Originally Posted by

**Dave_Sinkula**
Code:

sol += C[i][j] * (xpwr * ypwr);

Investigate whether or not the resulting assembly code generates successive [re]calculations of

C[i][j] within the loop. If so, your code may benefit from using pointers calculated once at the start of the loop.

First, this advice sucks, so I'm glad you didn't pursue it. I did investigate, and found that it can make things worse. And such micro-optimization should generally be avoided.

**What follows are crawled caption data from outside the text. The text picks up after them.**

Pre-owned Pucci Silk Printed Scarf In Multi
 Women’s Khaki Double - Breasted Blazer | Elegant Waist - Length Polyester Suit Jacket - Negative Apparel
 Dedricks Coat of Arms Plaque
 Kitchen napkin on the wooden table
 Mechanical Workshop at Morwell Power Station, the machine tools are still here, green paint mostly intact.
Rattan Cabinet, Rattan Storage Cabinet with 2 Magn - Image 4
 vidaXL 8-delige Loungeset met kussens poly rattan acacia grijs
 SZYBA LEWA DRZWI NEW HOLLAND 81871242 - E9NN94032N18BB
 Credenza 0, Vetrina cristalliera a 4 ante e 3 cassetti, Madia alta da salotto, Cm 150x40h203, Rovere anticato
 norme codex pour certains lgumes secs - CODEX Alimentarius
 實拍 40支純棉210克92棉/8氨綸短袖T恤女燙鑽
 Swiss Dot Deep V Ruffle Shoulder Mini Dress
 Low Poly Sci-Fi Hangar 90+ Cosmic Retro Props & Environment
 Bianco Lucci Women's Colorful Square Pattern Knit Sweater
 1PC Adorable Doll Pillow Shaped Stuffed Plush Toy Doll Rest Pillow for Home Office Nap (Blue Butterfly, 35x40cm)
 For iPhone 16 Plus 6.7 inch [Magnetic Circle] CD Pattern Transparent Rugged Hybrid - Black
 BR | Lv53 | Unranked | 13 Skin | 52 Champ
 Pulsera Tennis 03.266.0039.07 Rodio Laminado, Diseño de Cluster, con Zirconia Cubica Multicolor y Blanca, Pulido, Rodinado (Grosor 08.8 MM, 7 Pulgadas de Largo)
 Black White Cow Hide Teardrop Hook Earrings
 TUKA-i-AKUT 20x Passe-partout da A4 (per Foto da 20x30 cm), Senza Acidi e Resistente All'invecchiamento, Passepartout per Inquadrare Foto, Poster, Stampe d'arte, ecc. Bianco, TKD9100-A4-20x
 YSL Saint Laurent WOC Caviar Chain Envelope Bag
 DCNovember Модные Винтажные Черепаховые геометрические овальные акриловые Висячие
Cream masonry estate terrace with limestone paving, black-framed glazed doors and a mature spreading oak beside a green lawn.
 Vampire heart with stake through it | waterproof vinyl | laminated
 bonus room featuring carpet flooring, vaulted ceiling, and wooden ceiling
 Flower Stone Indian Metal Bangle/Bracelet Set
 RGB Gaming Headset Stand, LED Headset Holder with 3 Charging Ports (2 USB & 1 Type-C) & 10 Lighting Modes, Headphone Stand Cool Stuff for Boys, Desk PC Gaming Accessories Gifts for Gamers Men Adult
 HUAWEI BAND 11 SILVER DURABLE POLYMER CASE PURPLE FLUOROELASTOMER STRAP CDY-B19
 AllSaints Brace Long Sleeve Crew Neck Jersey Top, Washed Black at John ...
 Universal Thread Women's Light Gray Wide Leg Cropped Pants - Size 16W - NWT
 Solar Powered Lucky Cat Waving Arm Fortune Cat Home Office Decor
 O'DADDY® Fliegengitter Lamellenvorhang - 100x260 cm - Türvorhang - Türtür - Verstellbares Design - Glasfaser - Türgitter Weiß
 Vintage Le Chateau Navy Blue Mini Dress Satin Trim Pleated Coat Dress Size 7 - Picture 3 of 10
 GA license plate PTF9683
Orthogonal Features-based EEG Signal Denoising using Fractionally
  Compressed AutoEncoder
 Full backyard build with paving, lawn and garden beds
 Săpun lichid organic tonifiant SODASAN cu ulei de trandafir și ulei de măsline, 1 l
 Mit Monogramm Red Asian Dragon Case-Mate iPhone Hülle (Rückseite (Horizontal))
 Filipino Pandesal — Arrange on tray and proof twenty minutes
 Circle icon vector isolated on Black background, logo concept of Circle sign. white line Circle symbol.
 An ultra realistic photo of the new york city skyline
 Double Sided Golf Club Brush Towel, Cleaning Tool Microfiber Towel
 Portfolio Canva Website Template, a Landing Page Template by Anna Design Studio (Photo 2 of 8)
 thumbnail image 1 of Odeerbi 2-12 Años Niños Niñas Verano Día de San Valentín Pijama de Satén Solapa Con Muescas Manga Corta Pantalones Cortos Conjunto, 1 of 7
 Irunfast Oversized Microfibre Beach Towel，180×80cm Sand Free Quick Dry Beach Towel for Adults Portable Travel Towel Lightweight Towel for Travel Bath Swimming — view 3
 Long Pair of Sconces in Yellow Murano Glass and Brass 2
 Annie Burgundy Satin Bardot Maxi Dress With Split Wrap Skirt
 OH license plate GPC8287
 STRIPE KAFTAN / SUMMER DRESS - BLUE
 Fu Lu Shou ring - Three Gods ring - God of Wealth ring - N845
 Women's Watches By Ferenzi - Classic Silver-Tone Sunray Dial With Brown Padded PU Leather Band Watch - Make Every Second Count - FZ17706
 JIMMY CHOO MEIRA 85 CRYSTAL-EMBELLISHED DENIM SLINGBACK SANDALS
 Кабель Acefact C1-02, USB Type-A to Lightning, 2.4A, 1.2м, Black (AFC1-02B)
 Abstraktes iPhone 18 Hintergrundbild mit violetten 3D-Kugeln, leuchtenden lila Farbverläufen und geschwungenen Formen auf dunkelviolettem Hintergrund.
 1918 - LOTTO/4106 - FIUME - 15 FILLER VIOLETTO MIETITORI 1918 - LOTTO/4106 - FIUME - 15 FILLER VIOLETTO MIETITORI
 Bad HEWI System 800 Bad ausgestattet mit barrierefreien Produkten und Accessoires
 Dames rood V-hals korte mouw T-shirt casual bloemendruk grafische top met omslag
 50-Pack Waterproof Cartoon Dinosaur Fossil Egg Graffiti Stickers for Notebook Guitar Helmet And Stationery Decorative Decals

Your attempts so far seem very reasonable and you seem to know quite well what it is you are doing, so my further advice on your problem would be questionable.

I am not familiar with ACPE, but I've tried to look into it a bit. I was wondering if you've got some tool that you use that might be helpful to share with the rest of us?

Also, such as in the case of your precomputed version, is the amortization over a single call to the function, or is it amortized over all calls? The point being, can you do something like this?

Code:

val_t poly2d_dave(val_t C[M][N])
{
static val_t coeffs[M][N] = {0};
static int init = 0;
int i, j;
val_t sol = 0.0;
if ( init == 0 )
{
val_t xpwr = 1.0;
val_t ypwr = 1.0;
val_t x = *x_p;
val_t y = *y_p;
for ( i = 0; i < M; i++ )
{
ypwr = 1.0;
for ( j = 0; j < N; j++ )
{
coeffs[i][j] = xpwr * ypwr;
ypwr *= y;
}
xpwr *= x;
}
init = 1;
}
for ( i = 0; i < M; i++ )
{
for ( j = 0; j < N; j++ )
{
sol += C[i][j] * coeffs[i][j];
}
}
return sol;
}

Again, my advice on this stinks. I come from the land of micro-optimization and I know those techniques better. Perhaps some of them can combine with better algorithms, but I'm venturing outside of my normal sphere when I look at improving the algorithm.

[edit]I shouldn't. But oh, well.

Code:

val_t poly2d_dave(val_t C[M][N])
{
static val_t coeffs[M][N] = {0};
static int init = 0;
val_t *mptr = &C[0][0], *cptr = &coeffs[0][0];
int i, j;
val_t sol = 0.0;
if ( init == 0 )
{
val_t xpwr = 1.0;
val_t ypwr = 1.0;
val_t x = *x_p;
val_t y = *y_p;
for ( i = 0; i < M; i++ )
{
ypwr = 1.0;
for ( j = 0; j < N; j++ )
{
coeffs[i][j] = xpwr * ypwr;
ypwr *= y;
}
xpwr *= x;
}
init = 1;
}
for ( i = 0; i < M * N; i++ )
{
sol += *mptr++ * *cptr++;
}
return sol;
}

After the first time, the loop should be tighter.

But, of course, that depends on the amortization question I asked. And just ignore the stupid micro-optimization attempts here please.